(Collected data)
_____

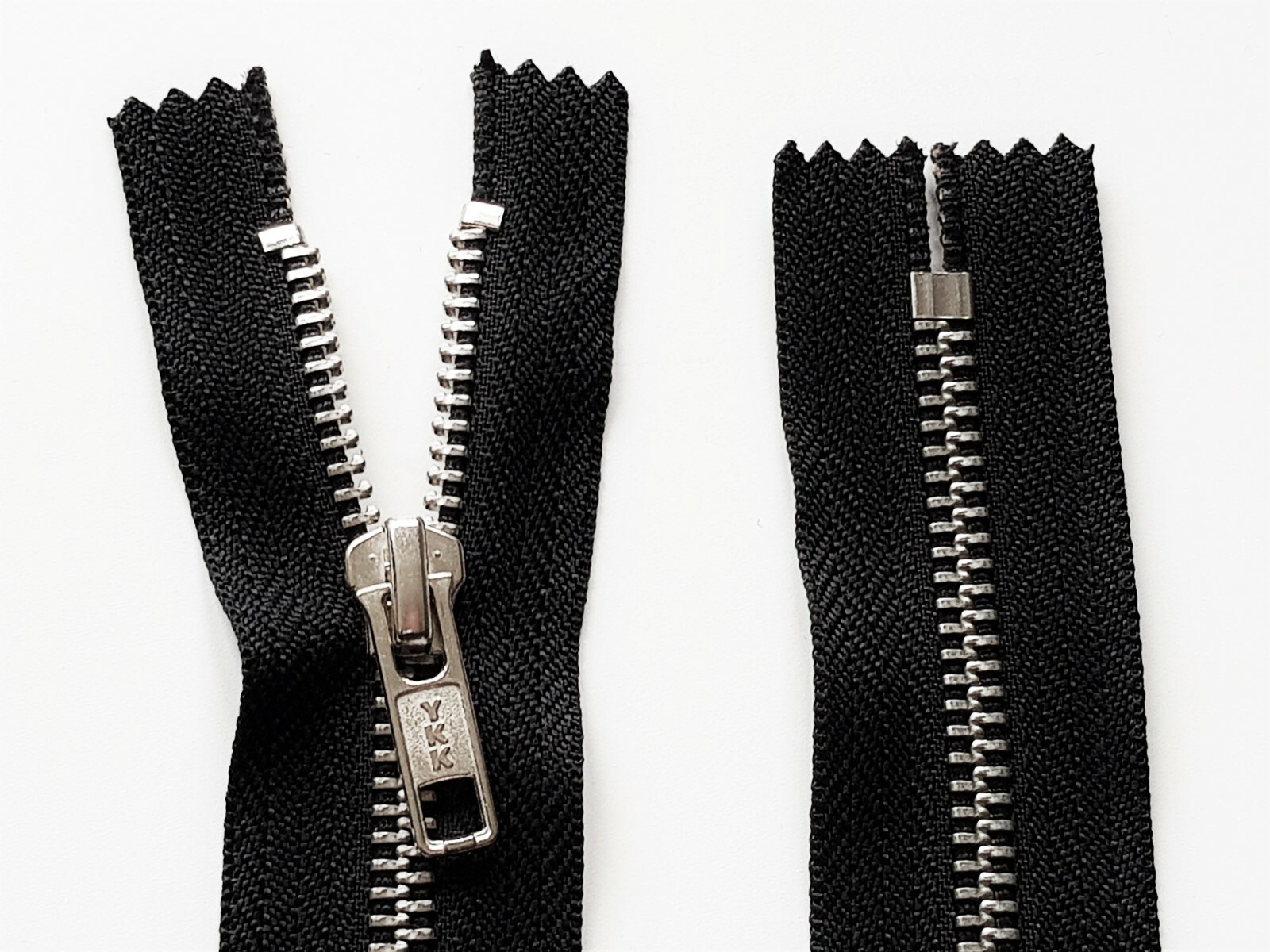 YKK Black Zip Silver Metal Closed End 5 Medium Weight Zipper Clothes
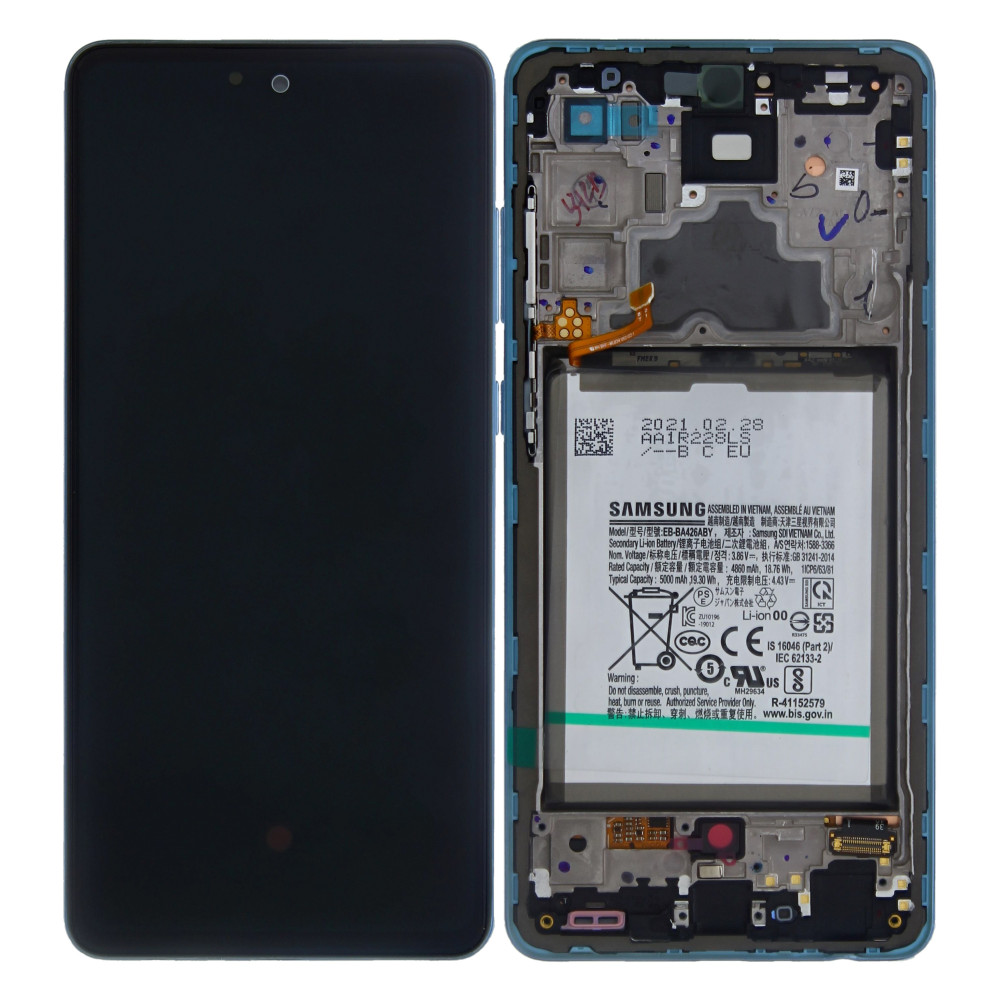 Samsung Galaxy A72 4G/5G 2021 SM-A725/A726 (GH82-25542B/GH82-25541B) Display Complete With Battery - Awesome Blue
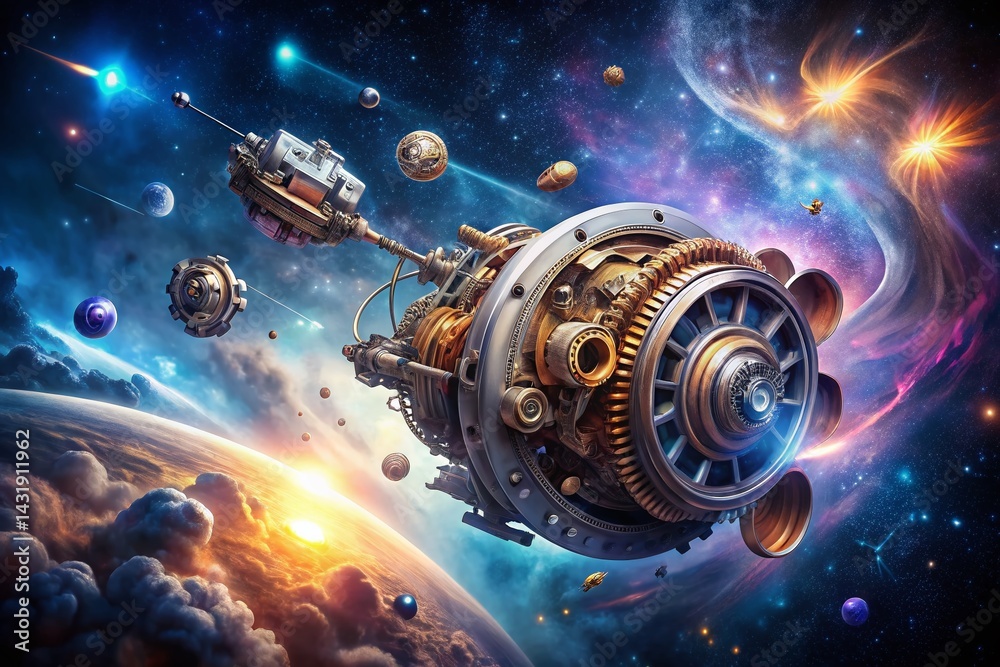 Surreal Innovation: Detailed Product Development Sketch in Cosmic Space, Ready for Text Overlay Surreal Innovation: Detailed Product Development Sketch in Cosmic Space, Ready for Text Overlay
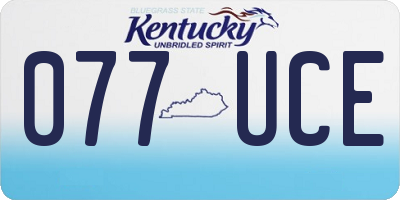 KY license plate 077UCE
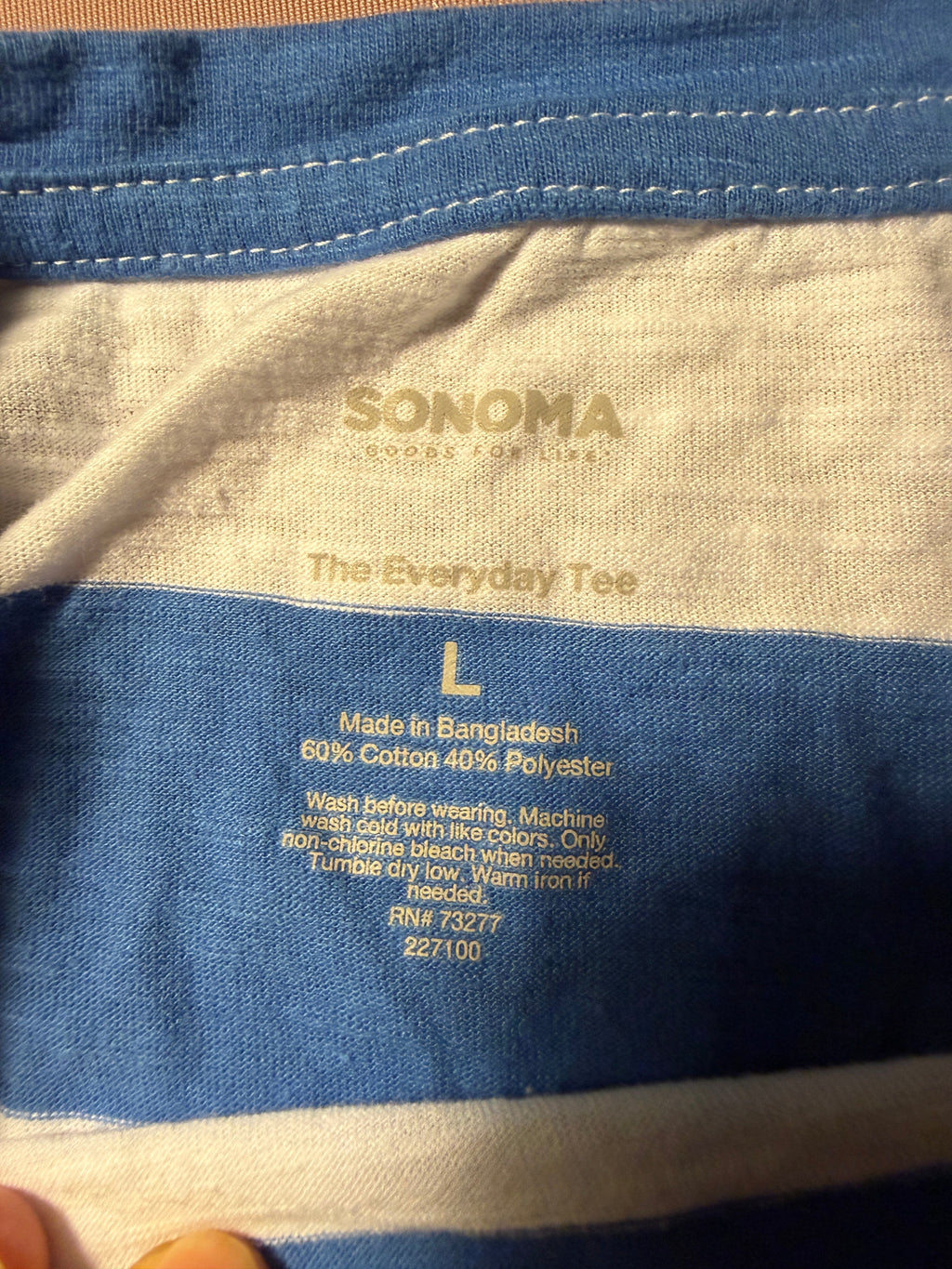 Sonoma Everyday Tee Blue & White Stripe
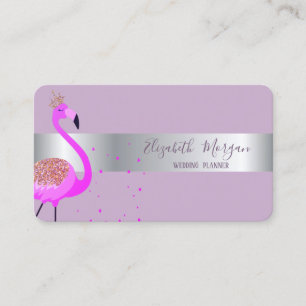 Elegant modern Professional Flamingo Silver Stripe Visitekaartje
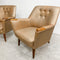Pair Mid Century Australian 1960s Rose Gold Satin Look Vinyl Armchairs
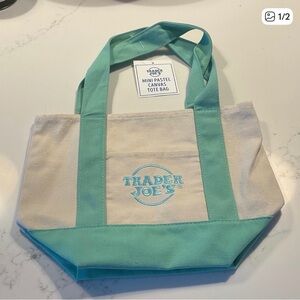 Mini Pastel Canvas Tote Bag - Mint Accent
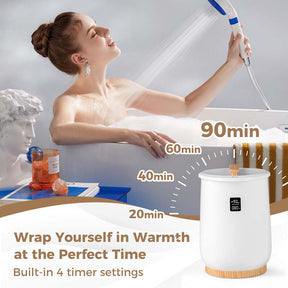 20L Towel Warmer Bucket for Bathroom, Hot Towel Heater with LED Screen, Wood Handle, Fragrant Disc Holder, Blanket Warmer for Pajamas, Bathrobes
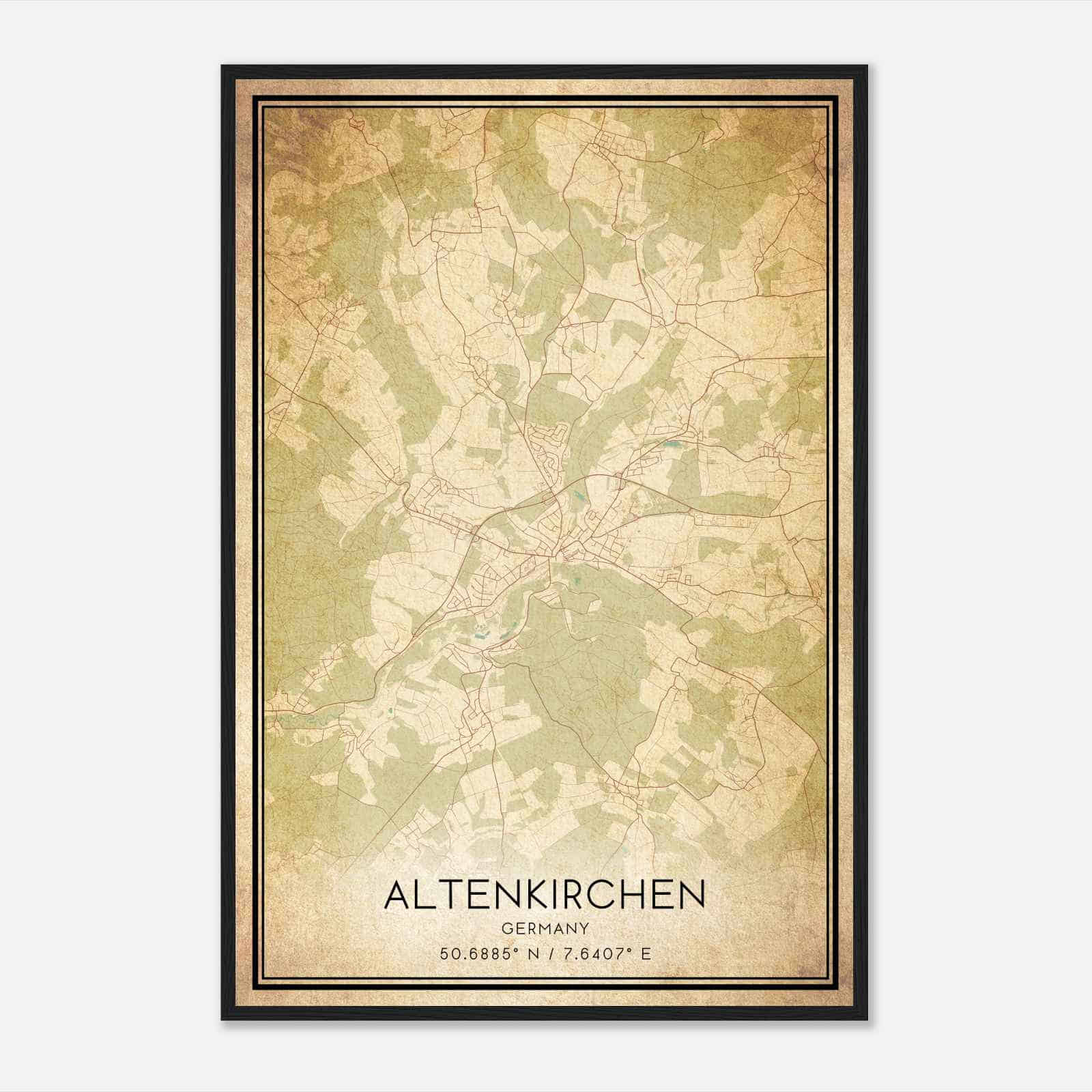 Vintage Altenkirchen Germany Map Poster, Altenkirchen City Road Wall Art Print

_____

Task details — Leave out each picture and extract the lines from the one containing "Text Overlay Surreal" through the end of the records above, inclusive, exactly as they stand.

Task response —
 Surreal Innovation: Detailed Product Development Sketch in Cosmic Space, Ready for Text Overlay Surreal Innovation: Detailed Product Development Sketch in Cosmic Space, Ready for Text Overlay
 KY license plate 077UCE
 Sonoma Everyday Tee Blue & White Stripe
 Elegant modern Professional Flamingo Silver Stripe Visitekaartje
Pair Mid Century Australian 1960s Rose Gold Satin Look Vinyl Armchairs
 Mini Pastel Canvas Tote Bag - Mint Accent
 20L Towel Warmer Bucket for Bathroom, Hot Towel Heater with LED Screen, Wood Handle, Fragrant Disc Holder, Blanket Warmer for Pajamas, Bathrobes
 Vintage Altenkirchen Germany Map Poster, Altenkirchen City Road Wall Art Print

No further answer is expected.